国立大学法人法案をめぐる現情勢と課題

                             2003年1月20日

               独立行政法人反対首都圏ネットワーク事務局


 独立行政法人反対首都圏ネットワーク事務局は、1月16日に「国立大学法人法案の概要(骨子素案)」(02.12.25版)を、17日には「国立学校設置法に規定する国立学校の今後の組織形態について」を公開した。それ以降、この二つの資料をめぐって全国から多くの情報が寄せられている。

T.現情勢の特徴

 

1.「国立大学法人法案の概要(骨子素案)」(以下「概要」)(02.12.25 版)に対応する成文化された法案が存在することは確実であるが、依然として公開されていない。

 

2.「概要」と「今後の組織形態について」の二つの文書から、我々が指摘してきた次のことが明らかとなっている。すなわち、文科省は、「国立大学法人法案」という一つの法律によって、「北海道大学ほか88国立大学法人」を作り、それが「北海道大学ほか88国立大学」を設置するという「間接方式」を採用するつもりである。大学共同利用機関も同様に「間接方式」とされている。
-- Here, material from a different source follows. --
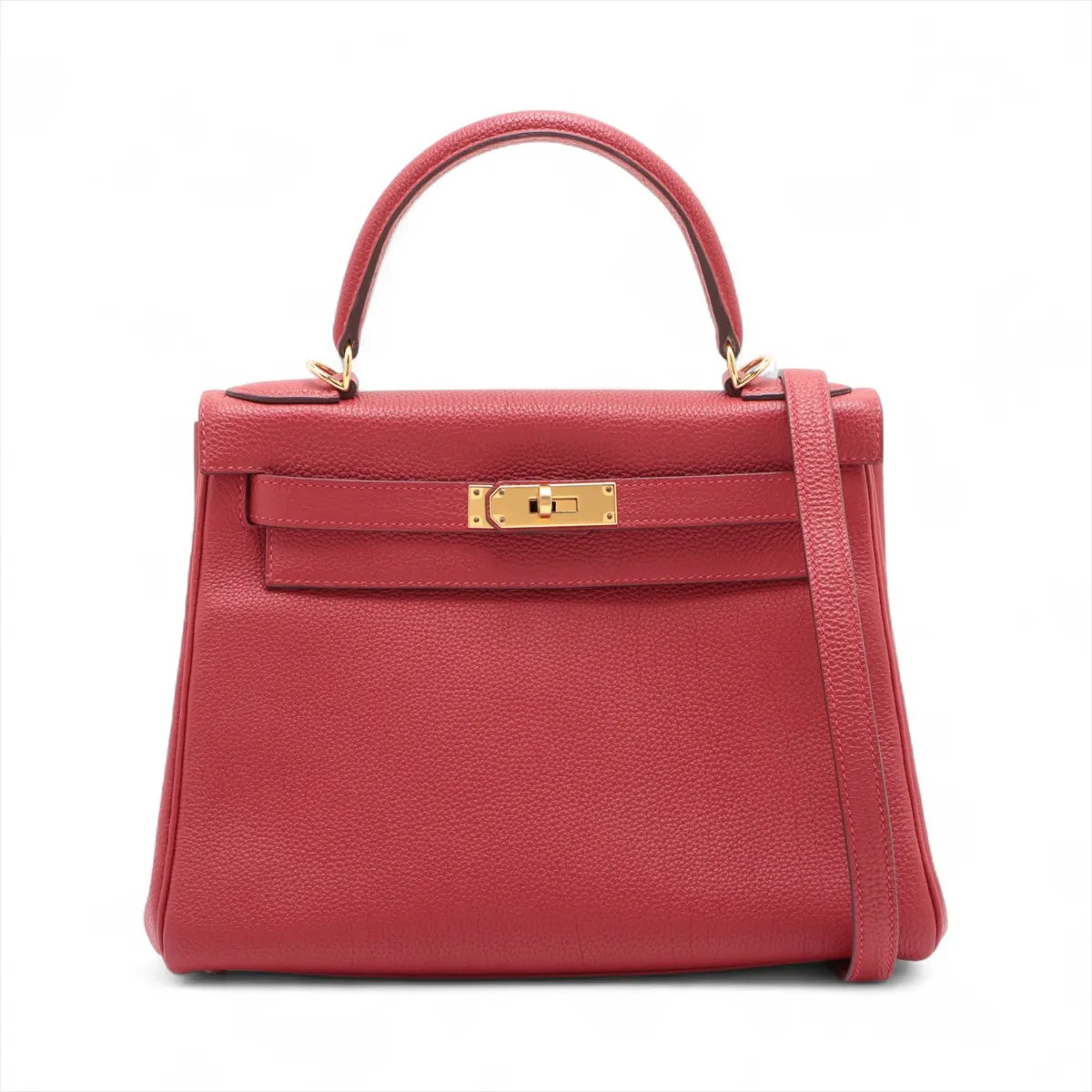 Hermès Kelly 28 Le Tournay Taurillion Novillo Rouge casaque Gold Metal Fittings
また、文科省は個別法を作らず、「別表」によってすべてを規定するつもりである。

 これに加え、高専は「独立行政法人通則法」の直接支配下に置かれる「独立行政法人」とすることが目論まれている。

 

3.「概要」の性格がより詳細に判明した。

(1)この「概要」は文科省と国大協トップ層(あるいはその委託を受けた少数のメンバー)の密室協議の場で使われている文書である。

 (2)「国大協トップ層」の実態はなお把握されていないが、総会で選出された理事会、あるいは法人化特別委員会のような国大協の正規の機関でないことは確かである。
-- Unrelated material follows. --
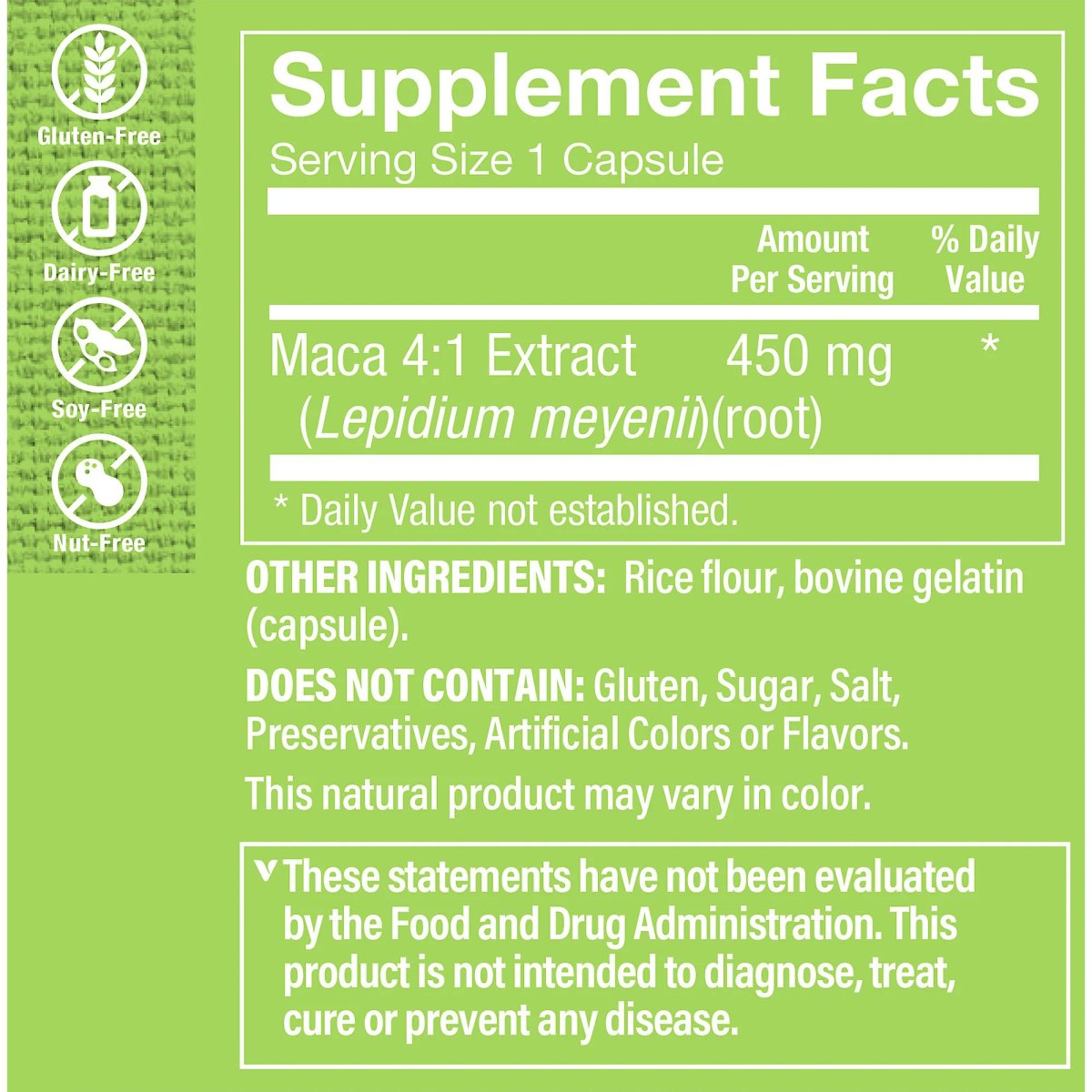 Maca (60 Cápsulas) the Vitamin Shoppe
 (3)このため作成主体も明記されず、日付のないバージョンも存在する。

またバージョンによって配布範囲も異なっている。我々は、16日の声明で「少なくない大学の執行部に伝わっている」と判断したが、それは同日までの情報発信先に偏りがあったこと、またバージョンによって配布範囲が異なっていることが不明であったからである。なお、(02.12.25)版はごく狭い範囲にのみ配布されている。
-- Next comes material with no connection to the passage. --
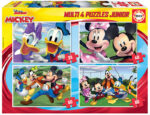 Multi puzzle Mickey et ses amis, 20, 40, 60, 80 pièces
 (4)初期のバージョンでは『最終報告』どおり「運営協議会」という語が用いられていたが、途中から「経営協議会」に変わるなど、密室協議の過程で『最終報告』からの離脱がより顕著になっているようである。

 

 4.文科省は教育基本法の改悪、あるいは別法の制定を企図している。これに伴い、国立大学法人法案の成立を、教育基本法に先立って、つまり通常国会前半までに強行する可能性がある。

 

U.我々のなすべきこと

 

1.「概要」は密室協議文書であること、にもかかわらず、これに対応する国立大学法人法案がすでに成文化されていることは、情報公開の原則、文部科学行政の民主主義的な遂行、国大協の運営の民主主義的原則に明白に反する。

従って、文科省と国大協トップ層に対して、遅くとも1月31日の法人化特別委員会までに、昨年11月の国大協総会以降に行われた国立大学法人法案の議論・協議に関する経過と資料、成文化された法案を可及的速やかに公開させる運動を展開することが必要である。

 

2.「概要」(02.12.25版)に対応する法案が成文化されている以上、この「概要」に対する全面的分析をただちに行う必要がある。我々の16日の声明は急遽作成したこともあり、分析が不十分である。我々も分析を継続するが、全国の仲間におかれても、設置主体、法的構造(私立学校法を含めた教育関連諸法との比較)、具体的大学運営、学長選考方式、学外者の位置付けをはじめ、様々な視点から厳密な分析を進め、その結果を直ちに公開していただきたい。

それらを踏まえつつ、「概要」に基づく国立大学法人法案の2月末閣議決定を阻止する全国的な共同闘争が直ちに組織されるべきである。

 

3.本日から行われる通常国会では、大学から初等中等教育までの教育の全面的な法的再編が企図されている。国立大学法人法案反対と教育基本法改悪・廃止反対闘争を結合する国民レベルの巨大な闘争が準備されねばならない。